Zhang: What we can do now is to do a good job of publicity and intervention in the early stages, so our focus is on that part. When they really encounter a crisis, community-level entities are equipped with counsellors, and the companies will also provide related services. If they encounter a crisis situation, we will also go to the scene, but right now, the focus of the work is intervention and publicity - on prevention first - so that these workers will not go to the last resort to jump in this situation.

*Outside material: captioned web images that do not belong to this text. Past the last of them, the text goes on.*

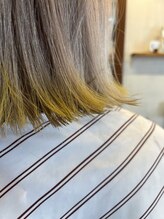 アイノベル(‘Inovel’) ダブルカラー&トリートメント¥16830【鴻巣/北本/桶川】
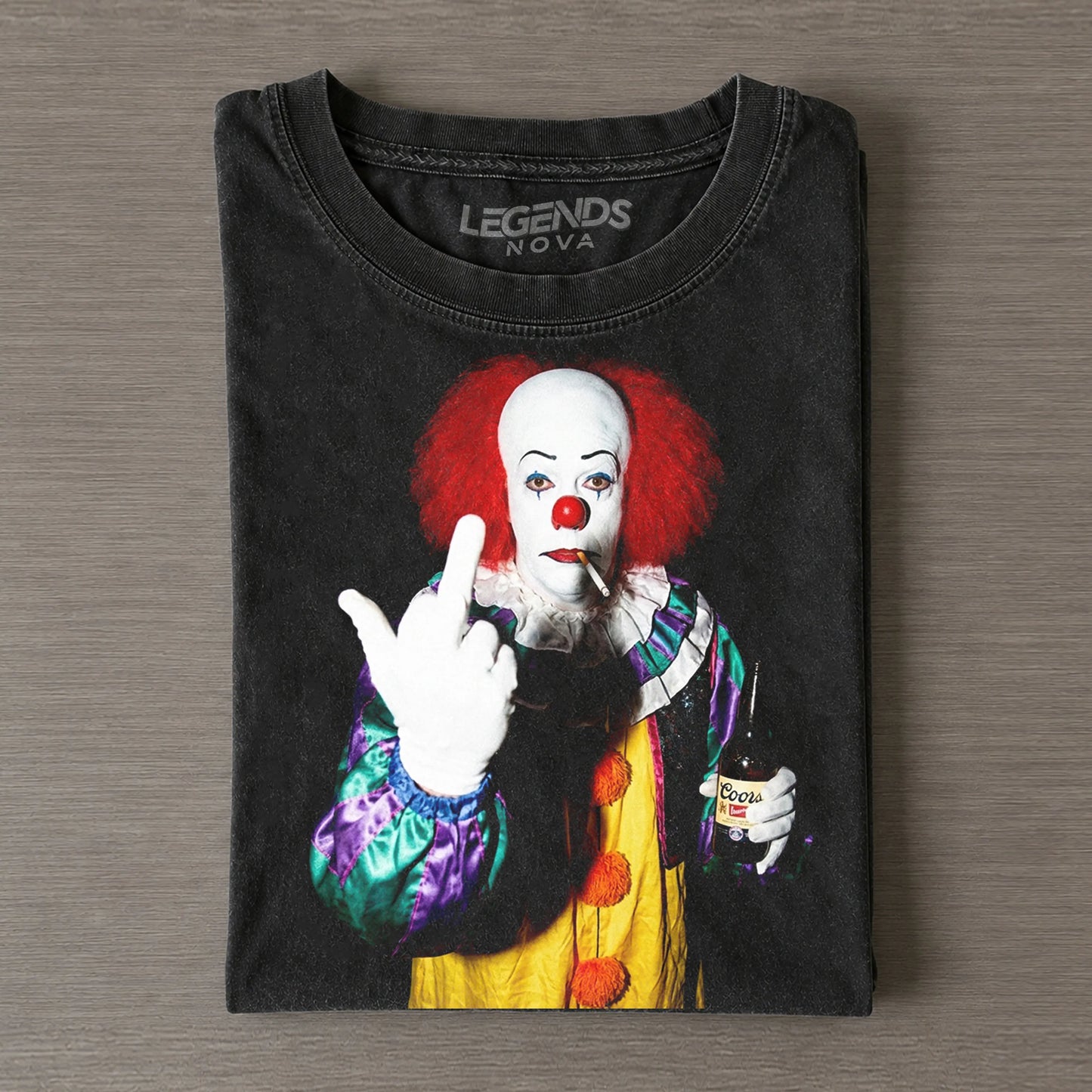 Vintage Horror Movie Graphic Tee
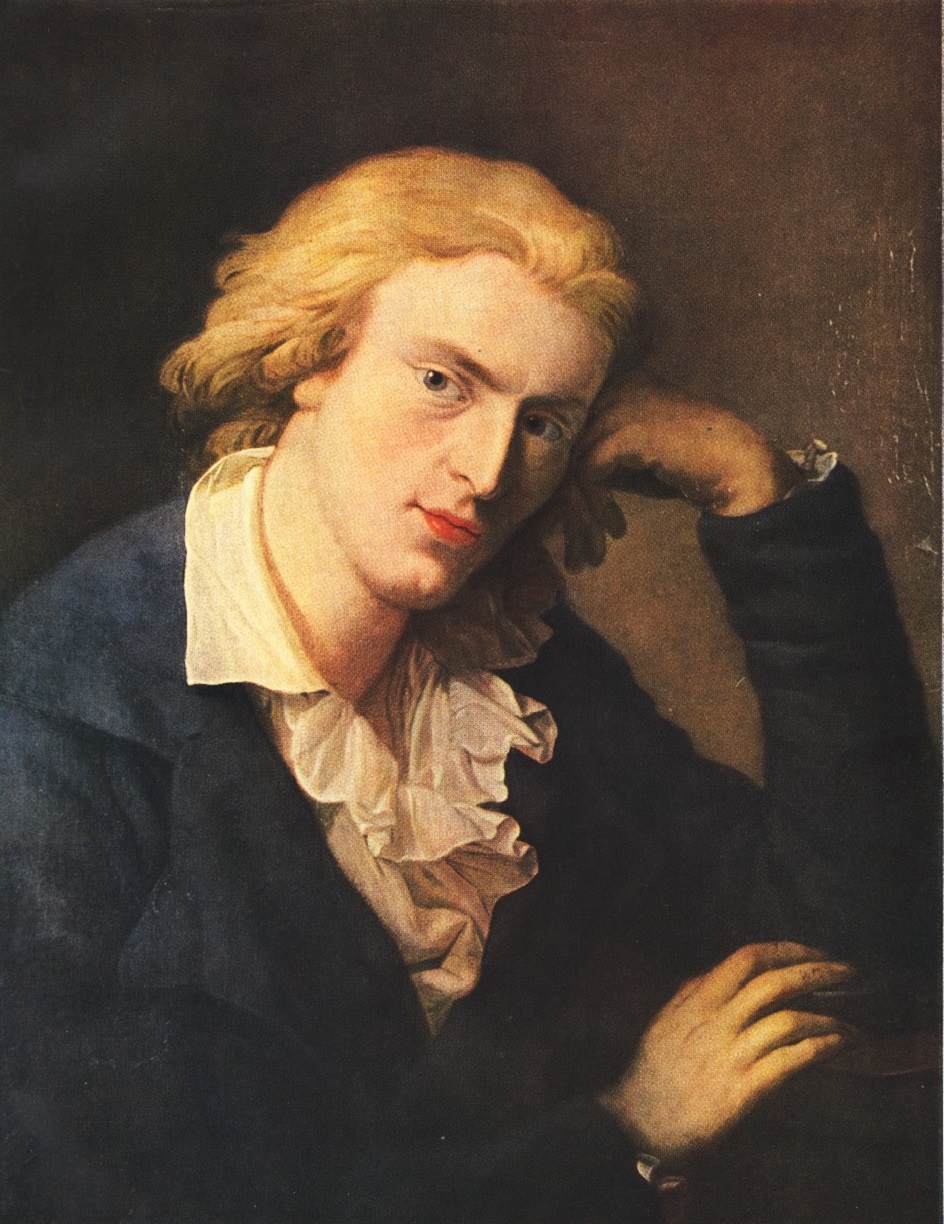 Антон Графф. Картина «Портрет Фридриха Шиллера», 1791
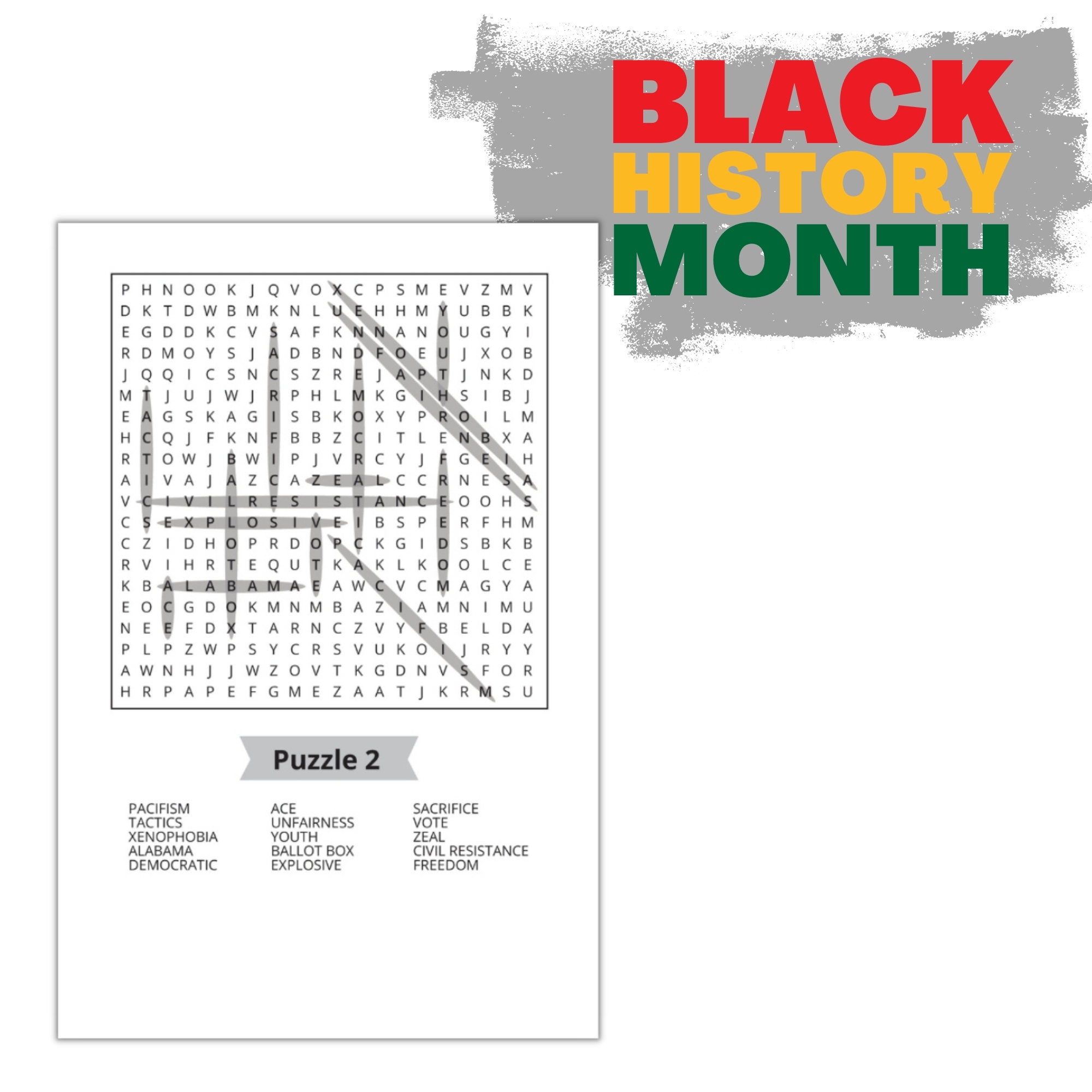 Black History Month Word Search Activity 8 Activity Pages Word Search Puzzles Made By Teachers Black History Month Word Search Activity 8 Activity Pages Word Search Puzzles Made By Teachers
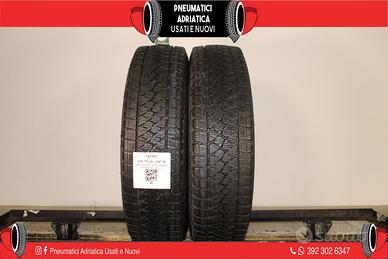 2 Gomme 195 75 R 16C Bridgestone al 83% SPED GRATI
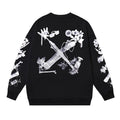 Off New 2025 Men's Long Sleeve T-Shirt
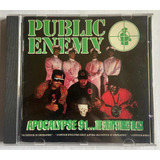 Cd Public Enemy - Apocalypse 91... The Enemy Strikes Black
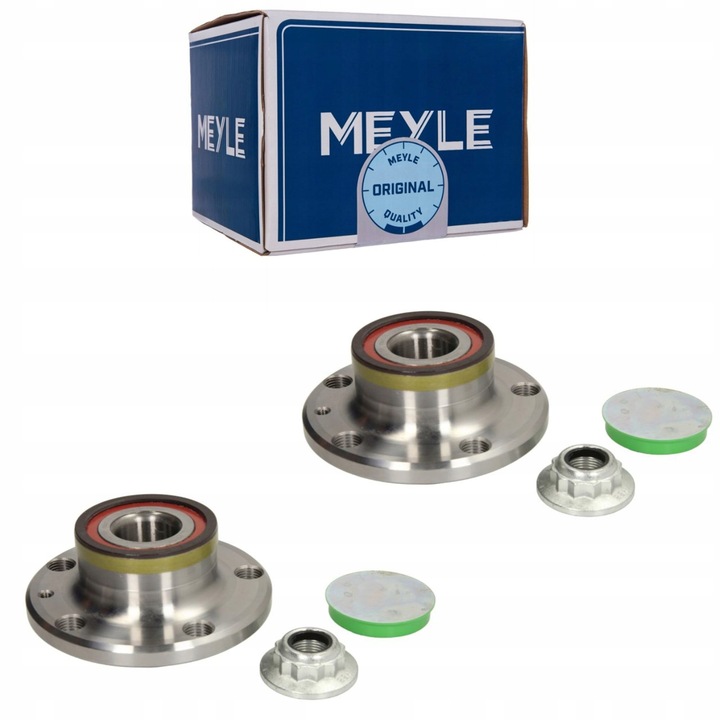 фото №1, Подшипник ступицы колёса зад a1 a2 ibiza 6j fabia i ii iii fox polo iv v 9n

CLB: We understand that, of course, and we all know that the threat of jumping is a means. They don’t necessarily actually do it, but also we cannot rule out that the conflict will get out of hand. What I mean is that, as a new phenomenon, there are more and more officials, will our trade unions consider taking psychological counselling to the forefront to deal with this new situation? After all, the trade union says it is like the workers' family members, and represents workers' interests.
Ms. Zhang said that she would pass our recommendations along to her superiors.
Factory workers need representation as global brands reduce their orders and businesses try to survive
From this incident, we can see that workers have a deep distrust in their employers during these uncertain economic times. Although the enterprise union was present and requested aid from the local union structures, the local union has basically frozen the enterprise union out of the process and not allowed it to perform its role as a bridge between workers, the factory, and the broader ACFTU.
In addition, the psychological support department of the district union is a relatively new unit and not every union has such services. With the recent high incidence of factory worker strikes and protests in Guangdong province, the Bao’an district union has the opportunity to set the standard for how to respond to workers needing psychological assistance related to their labour rights claims.
International brands sourcing from China should take note of changing conditions in their supply chains, and their role in causing worker distress through decreased orders and shifting supply chain patterns that leave factories unable to provide compensation according to the law.